The BFA in Creative Writing Faculty are writers who have been published and produced internationally, and are recognized in their fields. Faculty members work one-on-one with students as faculty advisors throughout the semester, as well as facilitating group studies, teaching workshops at residency, and acting as second readers to students’ final projects. Our faculty is comprised of national and international scholar practitioner with extensive experience supporting students taking charge of their learning. Faculty members’ work with students is focused, clear, and rigorous.

Admissions Information

The Bachelor of Fine Arts in Creative Writing is for students who will develop, or are developing, a significant practice as a creative writer in one or more of these literary genres: fiction, creative nonfiction, poetry, dramatic writing, or hybrid forms.
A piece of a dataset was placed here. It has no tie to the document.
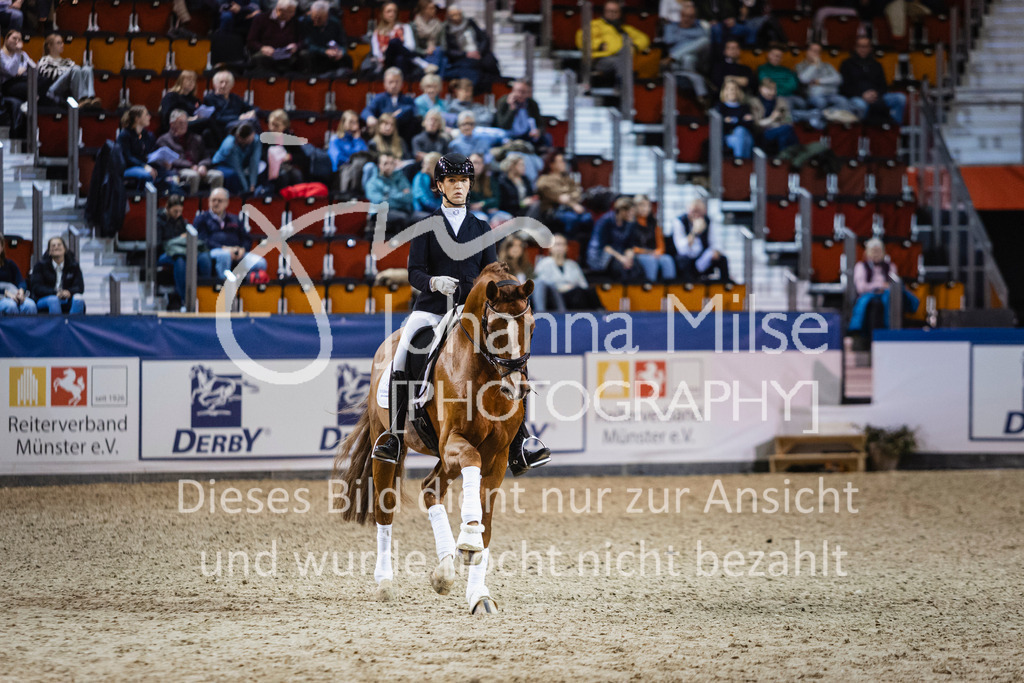 250108_Muenster_Hengstpräsentation-148 | Deine schönsten Turniermomente als professionelle Fotos! Entdecke hochwertige Pferdesport-Fotografie im Online-Shop. Jetzt Fotos finden & bestellen!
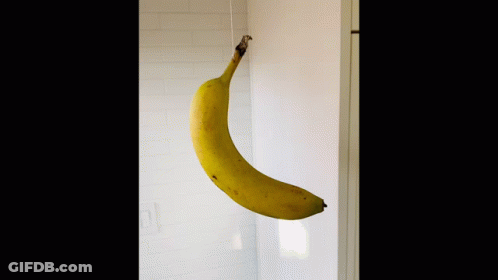 A Banana Is Hanging From A Rope On A White Wall GIF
See complete application instructions.

Location

Twice a year, at the start of each semester, students attend an intensive eight-day residency at the College’s Plainfield, Vermont campus. Residencies are a rich time of exploration, connection, and planning.

Low-Residency Model

At the start of the semester, students attend an intensive eight-day residency in Vermont, followed by 16 weeks of independent work and self-reflection in close collaboration with a faculty advisor. Goddard pioneered this format nearly a half century ago to meet the needs of adult students with professional, family, and other obligations seeking learning experiences grounded in the real-world.

Residencies are a time to explore, network, learn, witness, and share with peers, staff, and faculty. Students work with advisors and peers in close-knit advising groups to forge individualized study plans that describe their learning objectives for the semester.

Working closely with their faculty advisors, and supported by fellow learners, students identify areas of study, personal goals, relevant resources, and avenues to achieve these goals. Students also attend and are invited to help organize workshops, keynote addresses, celebrations and other events intended to stimulate, inspire, and challenge.

This low-residency model combines the breadth of a collaborative community with the focus of personalized learning, enhanced by insightful exchanges with a faculty advisor.

Degree Requirements

All students must satisfy General Requirements for the BA/BFA at Goddard College. In addition, students pursuing the Bachelor of Fine Arts in Creative Writing will demonstrate a particular competency in the arts and humanities.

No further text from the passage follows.